INFORMATION:

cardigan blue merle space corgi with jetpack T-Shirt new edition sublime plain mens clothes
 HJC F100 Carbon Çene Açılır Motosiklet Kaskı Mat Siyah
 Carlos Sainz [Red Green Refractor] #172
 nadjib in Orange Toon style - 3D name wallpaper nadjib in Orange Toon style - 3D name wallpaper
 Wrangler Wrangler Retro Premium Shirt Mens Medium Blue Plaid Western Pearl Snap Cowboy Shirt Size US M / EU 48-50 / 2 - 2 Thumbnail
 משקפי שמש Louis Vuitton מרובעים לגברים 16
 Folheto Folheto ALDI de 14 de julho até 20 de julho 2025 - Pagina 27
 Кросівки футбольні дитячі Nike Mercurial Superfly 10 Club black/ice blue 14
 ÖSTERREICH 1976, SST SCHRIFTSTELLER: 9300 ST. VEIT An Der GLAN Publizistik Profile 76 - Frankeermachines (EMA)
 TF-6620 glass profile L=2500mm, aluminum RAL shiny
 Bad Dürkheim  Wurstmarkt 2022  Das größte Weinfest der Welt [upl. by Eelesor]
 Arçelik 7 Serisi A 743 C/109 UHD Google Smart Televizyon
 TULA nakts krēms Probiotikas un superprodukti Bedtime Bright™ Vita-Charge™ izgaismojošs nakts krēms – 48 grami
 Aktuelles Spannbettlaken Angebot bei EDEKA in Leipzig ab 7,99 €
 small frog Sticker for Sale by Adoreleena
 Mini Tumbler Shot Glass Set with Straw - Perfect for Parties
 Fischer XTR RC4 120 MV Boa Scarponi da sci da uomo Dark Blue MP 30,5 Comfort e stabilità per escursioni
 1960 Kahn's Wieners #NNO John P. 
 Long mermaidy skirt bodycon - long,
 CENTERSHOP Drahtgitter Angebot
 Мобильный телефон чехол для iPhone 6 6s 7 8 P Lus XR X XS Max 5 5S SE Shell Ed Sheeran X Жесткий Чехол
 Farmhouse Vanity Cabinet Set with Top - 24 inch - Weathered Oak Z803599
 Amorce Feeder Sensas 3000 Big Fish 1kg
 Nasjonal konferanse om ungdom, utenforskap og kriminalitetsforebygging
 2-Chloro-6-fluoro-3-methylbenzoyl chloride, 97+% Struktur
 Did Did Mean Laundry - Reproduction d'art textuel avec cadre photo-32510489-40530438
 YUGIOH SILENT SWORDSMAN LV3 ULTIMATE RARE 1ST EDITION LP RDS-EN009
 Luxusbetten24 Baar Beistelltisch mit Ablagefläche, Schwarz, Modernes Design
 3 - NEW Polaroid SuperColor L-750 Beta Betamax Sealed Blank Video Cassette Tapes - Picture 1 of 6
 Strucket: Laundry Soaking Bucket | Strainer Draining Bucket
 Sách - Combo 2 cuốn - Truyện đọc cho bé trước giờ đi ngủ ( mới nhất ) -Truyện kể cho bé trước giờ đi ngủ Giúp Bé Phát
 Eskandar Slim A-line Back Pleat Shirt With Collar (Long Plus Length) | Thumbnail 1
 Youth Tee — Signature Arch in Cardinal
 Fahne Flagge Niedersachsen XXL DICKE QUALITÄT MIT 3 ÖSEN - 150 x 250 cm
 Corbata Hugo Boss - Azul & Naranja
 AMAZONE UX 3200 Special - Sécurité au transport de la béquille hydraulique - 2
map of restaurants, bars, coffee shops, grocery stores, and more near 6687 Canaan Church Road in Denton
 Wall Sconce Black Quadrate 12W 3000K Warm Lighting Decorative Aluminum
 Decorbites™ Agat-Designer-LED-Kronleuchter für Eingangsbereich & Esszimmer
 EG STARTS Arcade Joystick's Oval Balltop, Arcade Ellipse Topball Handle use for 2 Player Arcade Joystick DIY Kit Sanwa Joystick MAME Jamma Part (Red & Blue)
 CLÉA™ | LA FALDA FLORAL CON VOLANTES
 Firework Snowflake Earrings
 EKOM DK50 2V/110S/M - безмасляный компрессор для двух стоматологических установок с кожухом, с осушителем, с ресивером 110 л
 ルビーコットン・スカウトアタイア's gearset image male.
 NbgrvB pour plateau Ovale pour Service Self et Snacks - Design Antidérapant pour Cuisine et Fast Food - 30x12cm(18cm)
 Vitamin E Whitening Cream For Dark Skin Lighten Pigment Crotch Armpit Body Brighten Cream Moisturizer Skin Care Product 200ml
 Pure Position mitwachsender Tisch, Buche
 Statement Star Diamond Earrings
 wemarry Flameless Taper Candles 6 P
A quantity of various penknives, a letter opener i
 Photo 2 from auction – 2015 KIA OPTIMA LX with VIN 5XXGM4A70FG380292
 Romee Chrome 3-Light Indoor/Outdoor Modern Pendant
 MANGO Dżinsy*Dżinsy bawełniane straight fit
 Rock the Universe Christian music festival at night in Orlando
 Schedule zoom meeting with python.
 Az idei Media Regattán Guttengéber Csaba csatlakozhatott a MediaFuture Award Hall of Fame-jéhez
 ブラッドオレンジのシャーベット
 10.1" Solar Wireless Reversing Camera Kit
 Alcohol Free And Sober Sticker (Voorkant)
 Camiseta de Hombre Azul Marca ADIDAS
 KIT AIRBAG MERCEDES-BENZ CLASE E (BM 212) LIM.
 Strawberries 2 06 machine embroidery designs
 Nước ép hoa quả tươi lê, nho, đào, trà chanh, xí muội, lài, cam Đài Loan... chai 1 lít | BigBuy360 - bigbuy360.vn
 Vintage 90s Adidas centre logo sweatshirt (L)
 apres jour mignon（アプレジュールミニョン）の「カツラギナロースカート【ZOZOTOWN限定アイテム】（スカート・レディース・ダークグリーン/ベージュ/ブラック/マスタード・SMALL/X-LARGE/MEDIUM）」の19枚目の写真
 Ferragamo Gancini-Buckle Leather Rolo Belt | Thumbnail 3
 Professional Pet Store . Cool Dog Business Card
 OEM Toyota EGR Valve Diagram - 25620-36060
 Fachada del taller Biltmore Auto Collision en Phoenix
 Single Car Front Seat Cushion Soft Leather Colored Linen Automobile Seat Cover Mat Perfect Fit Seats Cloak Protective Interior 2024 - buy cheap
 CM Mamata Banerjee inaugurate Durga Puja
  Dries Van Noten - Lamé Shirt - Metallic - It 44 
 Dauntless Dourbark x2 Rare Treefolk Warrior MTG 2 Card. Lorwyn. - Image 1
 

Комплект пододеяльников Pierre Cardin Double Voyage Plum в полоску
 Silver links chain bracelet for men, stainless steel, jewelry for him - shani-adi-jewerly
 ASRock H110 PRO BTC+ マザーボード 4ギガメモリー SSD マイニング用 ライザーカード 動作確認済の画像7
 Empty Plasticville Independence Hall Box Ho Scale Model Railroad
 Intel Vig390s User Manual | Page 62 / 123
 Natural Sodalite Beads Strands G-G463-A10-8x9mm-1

TASK DESCRIPTION: No line may be skipped. Transcribe the listing above exactly.

SOLUTION TO THE EXERCISE:
cardigan blue merle space corgi with jetpack T-Shirt new edition sublime plain mens clothes
 HJC F100 Carbon Çene Açılır Motosiklet Kaskı Mat Siyah
 Carlos Sainz [Red Green Refractor] #172
 nadjib in Orange Toon style - 3D name wallpaper nadjib in Orange Toon style - 3D name wallpaper
 Wrangler Wrangler Retro Premium Shirt Mens Medium Blue Plaid Western Pearl Snap Cowboy Shirt Size US M / EU 48-50 / 2 - 2 Thumbnail
 משקפי שמש Louis Vuitton מרובעים לגברים 16
 Folheto Folheto ALDI de 14 de julho até 20 de julho 2025 - Pagina 27
 Кросівки футбольні дитячі Nike Mercurial Superfly 10 Club black/ice blue 14
 ÖSTERREICH 1976, SST SCHRIFTSTELLER: 9300 ST. VEIT An Der GLAN Publizistik Profile 76 - Frankeermachines (EMA)
 TF-6620 glass profile L=2500mm, aluminum RAL shiny
 Bad Dürkheim  Wurstmarkt 2022  Das größte Weinfest der Welt [upl. by Eelesor]
 Arçelik 7 Serisi A 743 C/109 UHD Google Smart Televizyon
 TULA nakts krēms Probiotikas un superprodukti Bedtime Bright™ Vita-Charge™ izgaismojošs nakts krēms – 48 grami
 Aktuelles Spannbettlaken Angebot bei EDEKA in Leipzig ab 7,99 €
 small frog Sticker for Sale by Adoreleena
 Mini Tumbler Shot Glass Set with Straw - Perfect for Parties
 Fischer XTR RC4 120 MV Boa Scarponi da sci da uomo Dark Blue MP 30,5 Comfort e stabilità per escursioni
 1960 Kahn's Wieners #NNO John P. 
 Long mermaidy skirt bodycon - long,
 CENTERSHOP Drahtgitter Angebot
 Мобильный телефон чехол для iPhone 6 6s 7 8 P Lus XR X XS Max 5 5S SE Shell Ed Sheeran X Жесткий Чехол
 Farmhouse Vanity Cabinet Set with Top - 24 inch - Weathered Oak Z803599
 Amorce Feeder Sensas 3000 Big Fish 1kg
 Nasjonal konferanse om ungdom, utenforskap og kriminalitetsforebygging
 2-Chloro-6-fluoro-3-methylbenzoyl chloride, 97+% Struktur
 Did Did Mean Laundry - Reproduction d'art textuel avec cadre photo-32510489-40530438
 YUGIOH SILENT SWORDSMAN LV3 ULTIMATE RARE 1ST EDITION LP RDS-EN009
 Luxusbetten24 Baar Beistelltisch mit Ablagefläche, Schwarz, Modernes Design
 3 - NEW Polaroid SuperColor L-750 Beta Betamax Sealed Blank Video Cassette Tapes - Picture 1 of 6
 Strucket: Laundry Soaking Bucket | Strainer Draining Bucket
 Sách - Combo 2 cuốn - Truyện đọc cho bé trước giờ đi ngủ ( mới nhất ) -Truyện kể cho bé trước giờ đi ngủ Giúp Bé Phát
 Eskandar Slim A-line Back Pleat Shirt With Collar (Long Plus Length) | Thumbnail 1
 Youth Tee — Signature Arch in Cardinal
 Fahne Flagge Niedersachsen XXL DICKE QUALITÄT MIT 3 ÖSEN - 150 x 250 cm
 Corbata Hugo Boss - Azul & Naranja
 AMAZONE UX 3200 Special - Sécurité au transport de la béquille hydraulique - 2
map of restaurants, bars, coffee shops, grocery stores, and more near 6687 Canaan Church Road in Denton
 Wall Sconce Black Quadrate 12W 3000K Warm Lighting Decorative Aluminum
 Decorbites™ Agat-Designer-LED-Kronleuchter für Eingangsbereich & Esszimmer
 EG STARTS Arcade Joystick's Oval Balltop, Arcade Ellipse Topball Handle use for 2 Player Arcade Joystick DIY Kit Sanwa Joystick MAME Jamma Part (Red & Blue)
 CLÉA™ | LA FALDA FLORAL CON VOLANTES
 Firework Snowflake Earrings
 EKOM DK50 2V/110S/M - безмасляный компрессор для двух стоматологических установок с кожухом, с осушителем, с ресивером 110 л
 ルビーコットン・スカウトアタイア's gearset image male.
 NbgrvB pour plateau Ovale pour Service Self et Snacks - Design Antidérapant pour Cuisine et Fast Food - 30x12cm(18cm)
 Vitamin E Whitening Cream For Dark Skin Lighten Pigment Crotch Armpit Body Brighten Cream Moisturizer Skin Care Product 200ml
 Pure Position mitwachsender Tisch, Buche
 Statement Star Diamond Earrings
 wemarry Flameless Taper Candles 6 P
A quantity of various penknives, a letter opener i
 Photo 2 from auction – 2015 KIA OPTIMA LX with VIN 5XXGM4A70FG380292
 Romee Chrome 3-Light Indoor/Outdoor Modern Pendant
 MANGO Dżinsy*Dżinsy bawełniane straight fit
 Rock the Universe Christian music festival at night in Orlando
 Schedule zoom meeting with python.
 Az idei Media Regattán Guttengéber Csaba csatlakozhatott a MediaFuture Award Hall of Fame-jéhez
 ブラッドオレンジのシャーベット
 10.1" Solar Wireless Reversing Camera Kit
 Alcohol Free And Sober Sticker (Voorkant)
 Camiseta de Hombre Azul Marca ADIDAS
 KIT AIRBAG MERCEDES-BENZ CLASE E (BM 212) LIM.
 Strawberries 2 06 machine embroidery designs
 Nước ép hoa quả tươi lê, nho, đào, trà chanh, xí muội, lài, cam Đài Loan... chai 1 lít | BigBuy360 - bigbuy360.vn
 Vintage 90s Adidas centre logo sweatshirt (L)
 apres jour mignon（アプレジュールミニョン）の「カツラギナロースカート【ZOZOTOWN限定アイテム】（スカート・レディース・ダークグリーン/ベージュ/ブラック/マスタード・SMALL/X-LARGE/MEDIUM）」の19枚目の写真
 Ferragamo Gancini-Buckle Leather Rolo Belt | Thumbnail 3
 Professional Pet Store . Cool Dog Business Card
 OEM Toyota EGR Valve Diagram - 25620-36060
 Fachada del taller Biltmore Auto Collision en Phoenix
 Single Car Front Seat Cushion Soft Leather Colored Linen Automobile Seat Cover Mat Perfect Fit Seats Cloak Protective Interior 2024 - buy cheap
 CM Mamata Banerjee inaugurate Durga Puja
  Dries Van Noten - Lamé Shirt - Metallic - It 44 
 Dauntless Dourbark x2 Rare Treefolk Warrior MTG 2 Card. Lorwyn. - Image 1
 

Комплект пододеяльников Pierre Cardin Double Voyage Plum в полоску
 Silver links chain bracelet for men, stainless steel, jewelry for him - shani-adi-jewerly
 ASRock H110 PRO BTC+ マザーボード 4ギガメモリー SSD マイニング用 ライザーカード 動作確認済の画像7
 Empty Plasticville Independence Hall Box Ho Scale Model Railroad
 Intel Vig390s User Manual | Page 62 / 123
 Natural Sodalite Beads Strands G-G463-A10-8x9mm-1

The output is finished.